PFAS refers to per- and polyfluoroalkyl substances. They have been widely used since the 1940s and are now present throughout the environment, occurring in soil, water and living organisms.
Their use has been phased out in several industries but they are still widely used in cosmetics, which unlike food are largely unregulated. There’s no easy way for consumers to tell whether their lipstick, nail polish and other everyday items contain PFAS, although Congress is considering legislation that would change that.
PFAS found in indoor air
But while the FDA study may be somewhat comforting, another study found that the air we breathe in our homes, schools, and workplaces can be polluted with PFAS.
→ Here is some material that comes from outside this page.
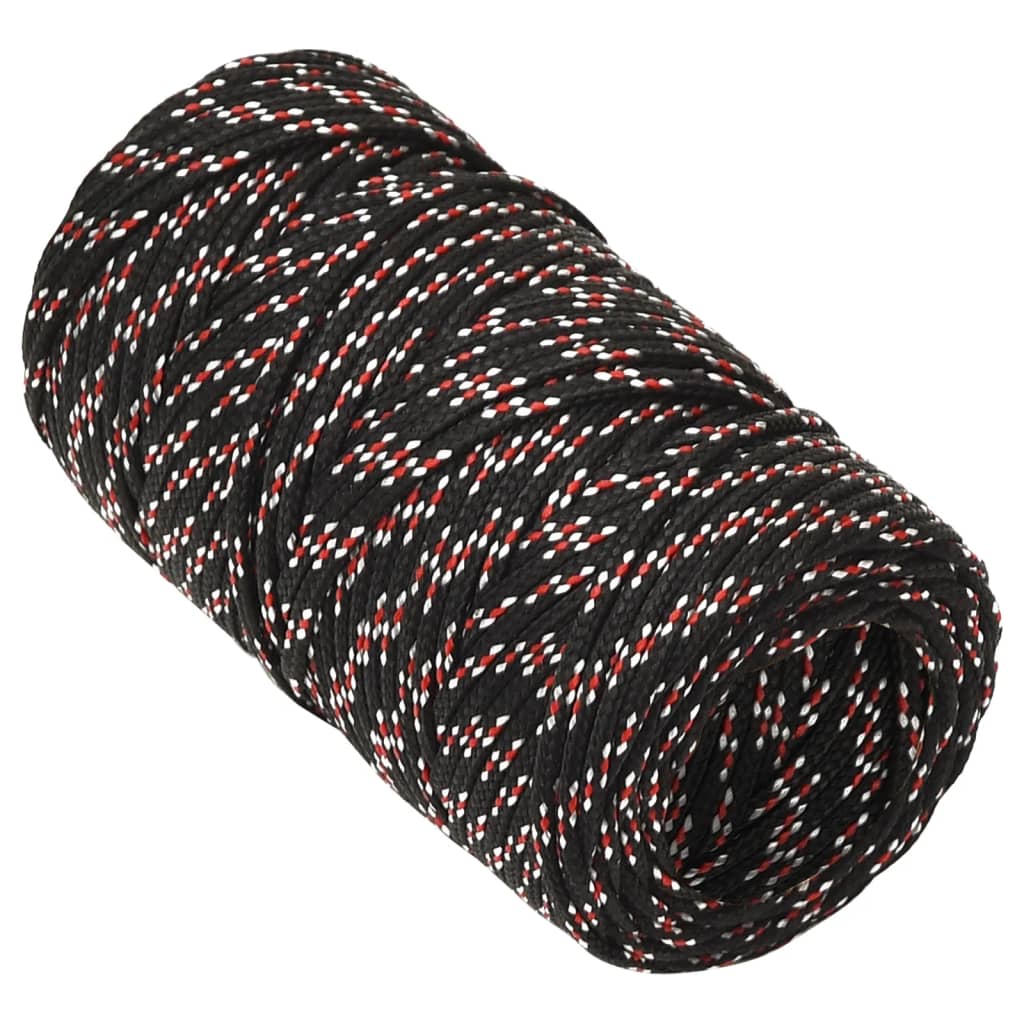 vidaXL Corde de bateau Noir 2 mm 25 m Polypropylène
The study, published today in Environmental Science & Technology Letters, relied on a new measurement technique that detected PFAS chemicals in the air of kindergarten classrooms, university offices and laboratories, and a home—some with levels as high as those measured at an outdoor clothing company and carpet stores selling PFAS-treated products.
“Food and water are known to be major sources of PFAS exposure,” said Rainer Lohmann, senior author of the study and professor of oceanography at the University of Rhode Island. “Our study shows that indoor air, including dust, is another source of exposure to potentially harmful forever chemicals.
“In fact, for children in homes or schools with old PFAS-treated carpets, inhalation may be even more important than dust as an exposure pathway to volatile PFAS that eventually could biotransform to more persistent and harmful PFAS,” Lohmann said in a news release.
While families, schools, and workplaces can reduce indoor air levels of PFAS by replacing carpets, there are still many other products that can emit volatile PFAS into indoor air, including clothing, shoes, building products, and furnishings, the researchers said.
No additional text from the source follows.